The report highlights that Macs are not a major target for malware programs. Between Apple's built-in signature-based blocking technology, XProtect, and the company's developer-based notarization of apps, run-of-the-mill malware has had difficulty finding a foothold.
However, adware, which often operates in a gray area between aggressive marketing and outright fraud, is often allowed. Yet adware shows that there are vectors for infecting macOS systems, Jamf researchers say.
The three adware programs described by the firm all demonstrate capabilities that go beyond typical adware programs. In its efforts to push ads to the user, Pirrit — a program linked to an Israeli marketing firm — establishes persistence and gains root access to the Mac system. Shlayer, which drops adware on Mac systems, typically uses fake installers — such as those claiming to install the now deprecated Adobe Flash Player — to fool the user into dismissing any security warnings.
"Adware is still leading the market when it comes to malicious activity on the Mac," Stuart Ashenbrenner, Jamf's protect detections developer, stated during a briefing at the Jamf Nation User Conference. "Over the years, the threat to Mac users has grown as we have seen more sophistication from those who are attacking it."
Jamf found that the top 13 programs detected over the last 30 days were all adware. While the company did not specify the relative volume of adware versus malware seen by Mac users, security firm Malwarebytes found that malware accounts for about 1.5% of the total volume of detections on Mac systems in 2020, compared with potentially unwanted programs (PUPs) and adware, which accounted for 76% and 22% of all detections, respectively.
Still, attackers are looking to go beyond adware. Earlier this year, security firm Red Canary found an installer for a malware framework, dubbed Silver Sparrow, on 29,139 Mac endpoints. The developers for the malware program had already adapted the software to the Apple's latest M1 chip architecture and distributed the malware as a universal binary. The attack, however, was blunted by the fact that the proof-of-concept program had no payload.
In addition, how the malware initially got on those systems remains a mystery, according to Red Canary.

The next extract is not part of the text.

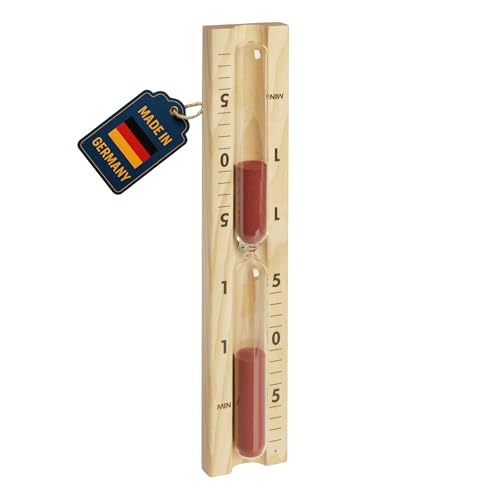TFA Dostmann Reloj de Arena analógico para Sauna de 15 Minutos, 40.1058.11, de Materiales Resistentes al Calor, Pino y Cristal, Accesorio para Sauna, Arena roja, marrón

"We suspect that malicious search engine results direct victims to download the PKGs [Mac package format] based on network connections from a victim’s browser shortly before download," the company stated in a blog post analyzing the program. "In this case, we can’t be certain because we don’t have the visibility to determine exactly what caused the download."
Silver Sparrow put its code not in the installer but in the pre-check that installers frequently perform to make sure the software will run on the user's systems. Silver Sparrow used the installation check to install code.
Another program, XCSSET, steals sensitive user and developer information from applications on a Mac system. In addition to stealing passwords from browsers, XCSSET attempts to infect software projects using Apple's Xcode.
The improvements to attacks show that adware and malware developers are becoming more sophisticated in how they are taking on macOS's defenses and bypassing security checks during the notarization process, says Jamf's Bradley.
"Adware and malicious programs are still getting signed and notarized by Apple," he says. "It is still a problem that notarization has not fixed all of the ecosystem's security issues."